(INFORMATION begins)

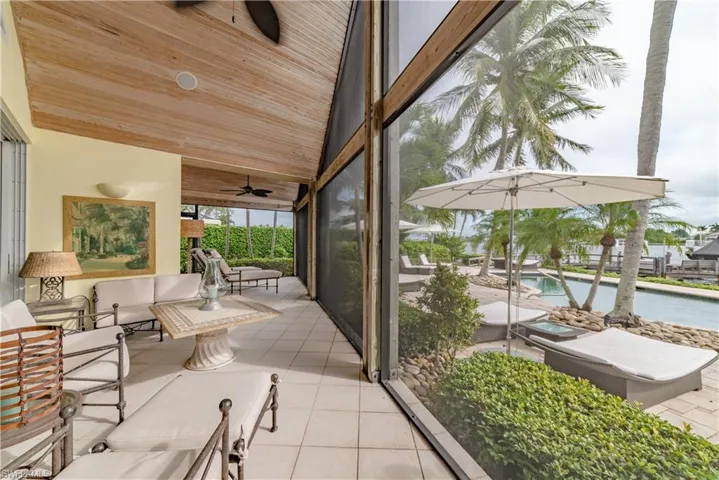 883  Galleon  DR, Naples, FL 34102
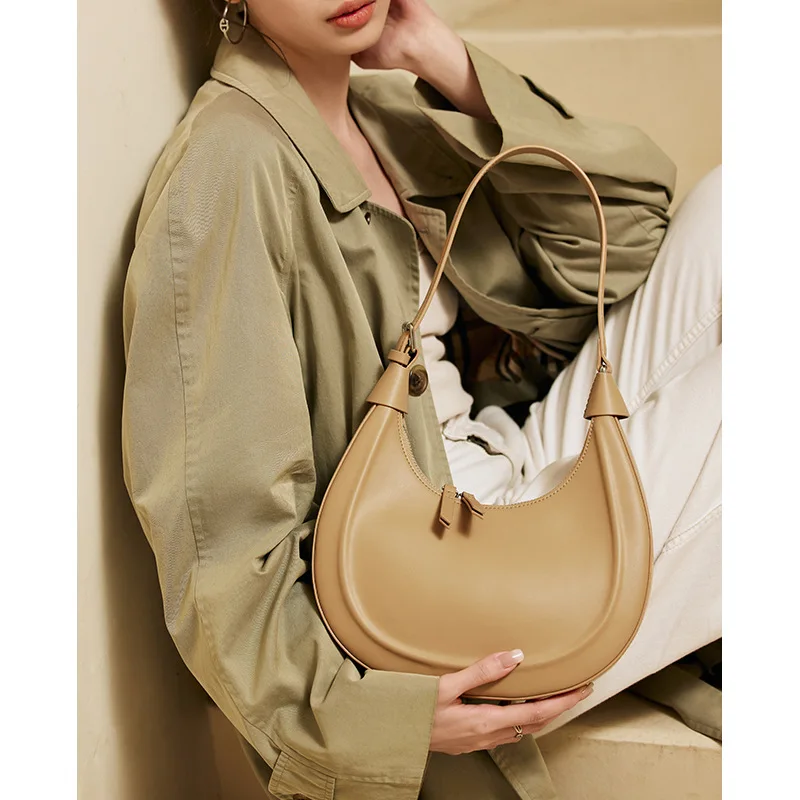 ZR DIARY Split Leather Circular Bags Women Shoulder Bags Zipper Closure Female Vintage Underarm Crescent Bag 9016
ZR DIARY Split Leather Circular Bags Women Shoulder Bags Zipper Closure Female Vintage Underarm Crescent Bag 9016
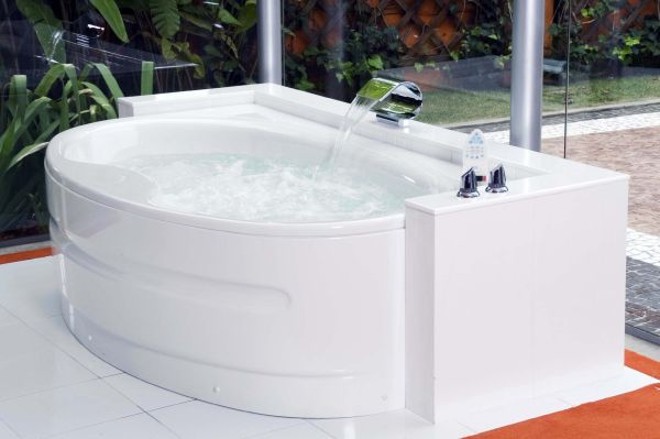 Banheira Veranda, da Roca, com sistema de hidromassagem ar/água e controle remoto, que comanda diferentes tipos de massagem. Medidas: 1,90 por 1,10 metro. Preço sugerido: R$ 15.120 |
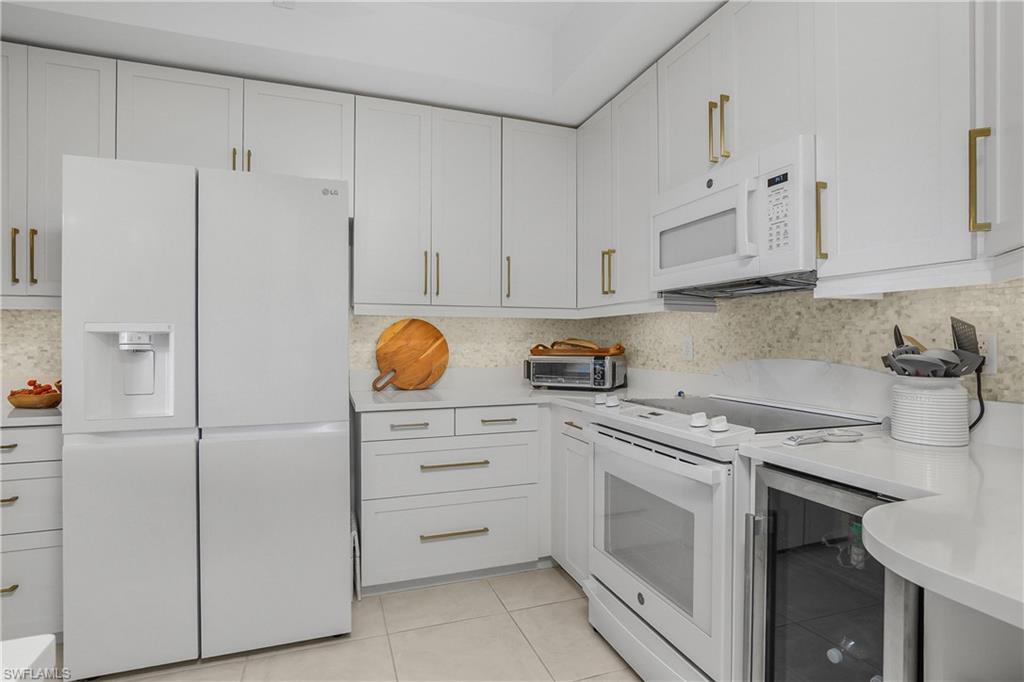 133 Vintage Bay Dr 14 Property Photo 8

(INFORMATION ends)

## WHAT TO WORK ON:
Without the pictures, write out the entire listing exactly.

## COMPLETED TASK:
 883  Galleon  DR, Naples, FL 34102
 ZR DIARY Split Leather Circular Bags Women Shoulder Bags Zipper Closure Female Vintage Underarm Crescent Bag 9016
ZR DIARY Split Leather Circular Bags Women Shoulder Bags Zipper Closure Female Vintage Underarm Crescent Bag 9016
 Banheira Veranda, da Roca, com sistema de hidromassagem ar/água e controle remoto, que comanda diferentes tipos de massagem. Medidas: 1,90 por 1,10 metro. Preço sugerido: R$ 15.120 |
 133 Vintage Bay Dr 14 Property Photo 8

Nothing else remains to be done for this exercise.